- Task inputs
------
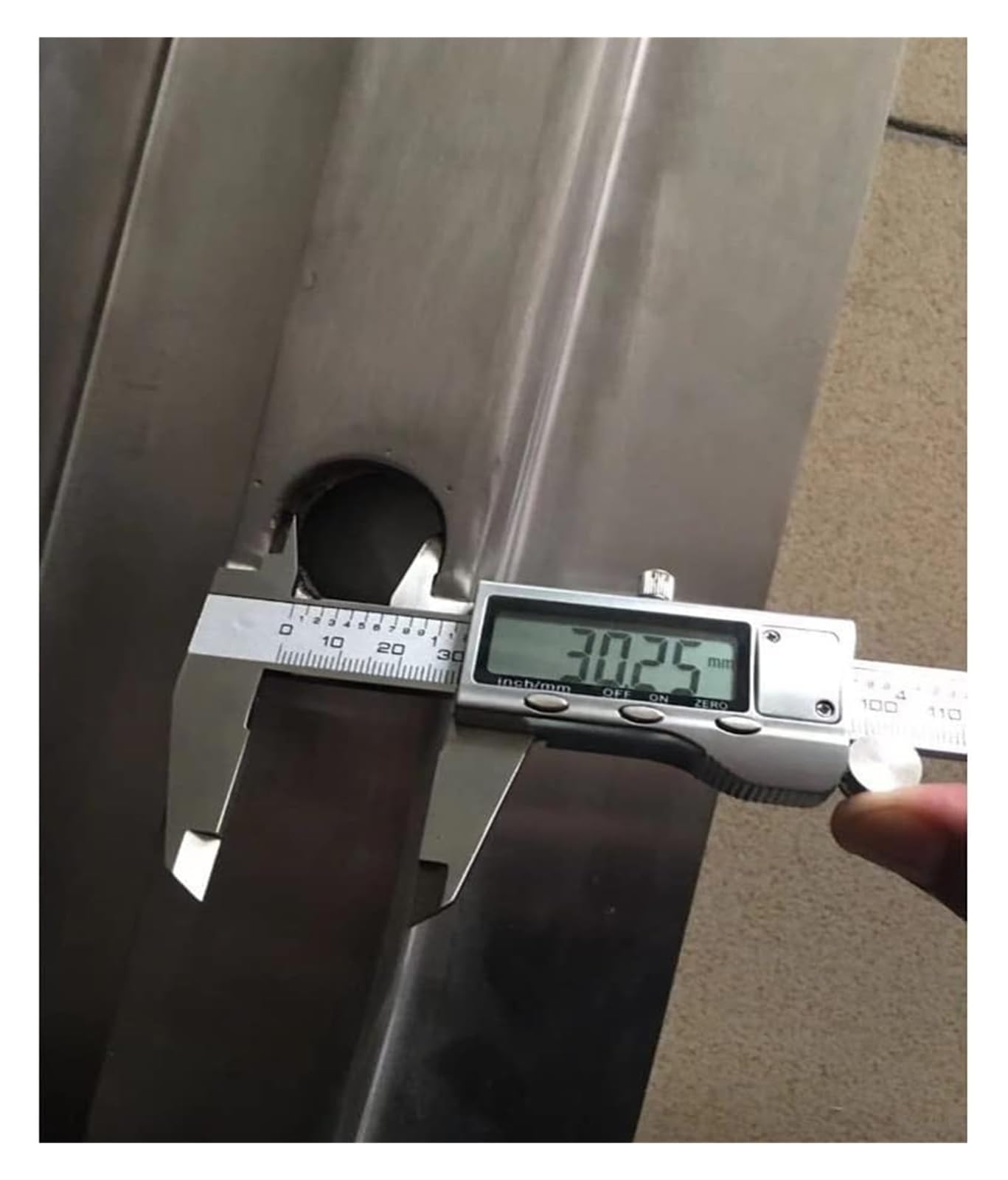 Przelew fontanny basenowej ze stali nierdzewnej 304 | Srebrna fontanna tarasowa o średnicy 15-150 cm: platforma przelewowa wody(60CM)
------
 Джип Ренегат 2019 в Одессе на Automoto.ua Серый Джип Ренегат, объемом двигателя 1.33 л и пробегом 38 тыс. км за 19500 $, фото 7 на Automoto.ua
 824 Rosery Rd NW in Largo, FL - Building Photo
------
- What you should do
Copy the lines above exactly, beginning at the line that has "Джип Ренегат 2019" and stopping after the line that has "824 Rosery Rd", and omit the rest.

- Completed task
 Джип Ренегат 2019 в Одессе на Automoto.ua Серый Джип Ренегат, объемом двигателя 1.33 л и пробегом 38 тыс. км за 19500 $, фото 7 на Automoto.ua
 824 Rosery Rd NW in Largo, FL - Building Photo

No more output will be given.